Reproduce the data below exactly. Skip the pictures.

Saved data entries
= Beginning of Section =

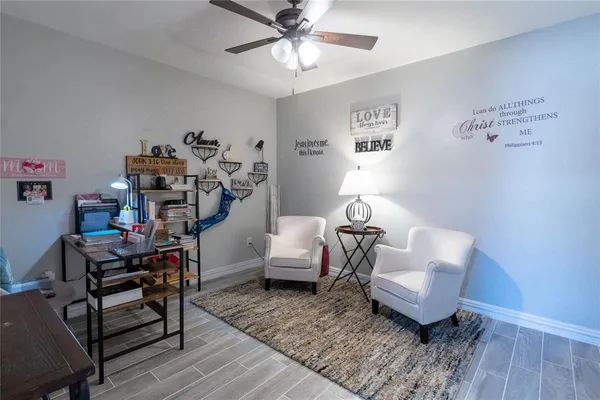 a spacious bathroom with a double vanity sink and mirror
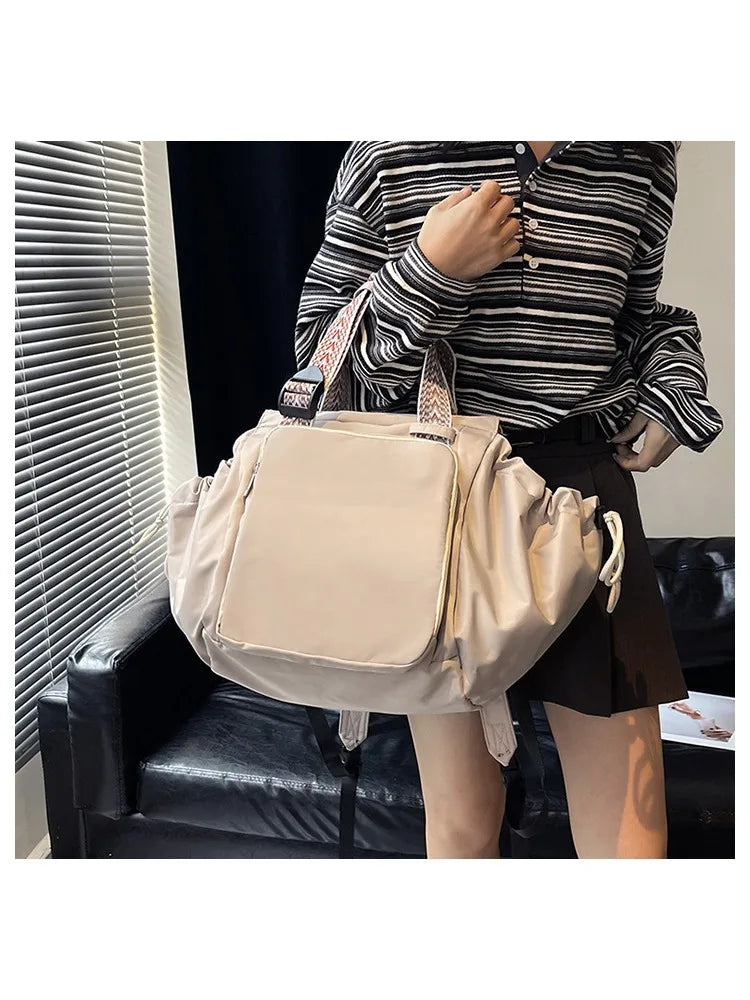 A woman holds a beige nylon shoulder bag with a patterned strap in an indoor setting.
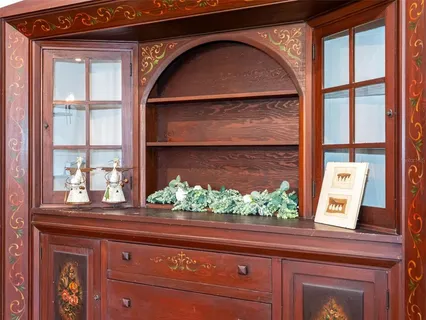 a kitchen with kitchen island granite countertop a sink a stove and a wooden floors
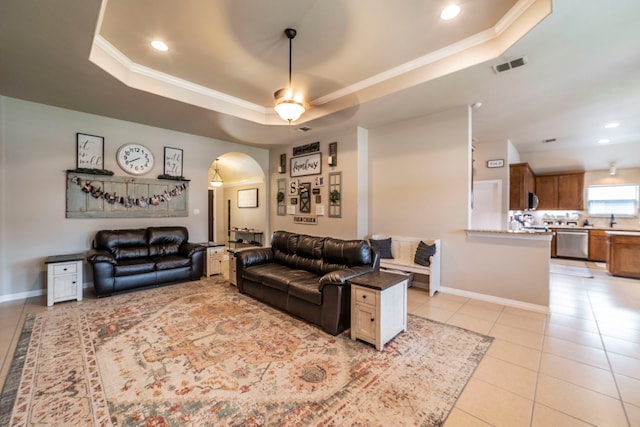 5872 Nathaniel Dr, Fort Worth, TX 76179 - living area featuring a raised ceiling, arched walkways, a ceiling fan, light tile patterned floors, and crown molding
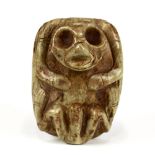 Taíno society carved marble anthropic cemi, depicting interlocking bird head symbols verso,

= End of Section =

Output.
 a spacious bathroom with a double vanity sink and mirror
 A woman holds a beige nylon shoulder bag with a patterned strap in an indoor setting.
 a kitchen with kitchen island granite countertop a sink a stove and a wooden floors
 5872 Nathaniel Dr, Fort Worth, TX 76179 - living area featuring a raised ceiling, arched walkways, a ceiling fan, light tile patterned floors, and crown molding
 Taíno society carved marble anthropic cemi, depicting interlocking bird head symbols verso,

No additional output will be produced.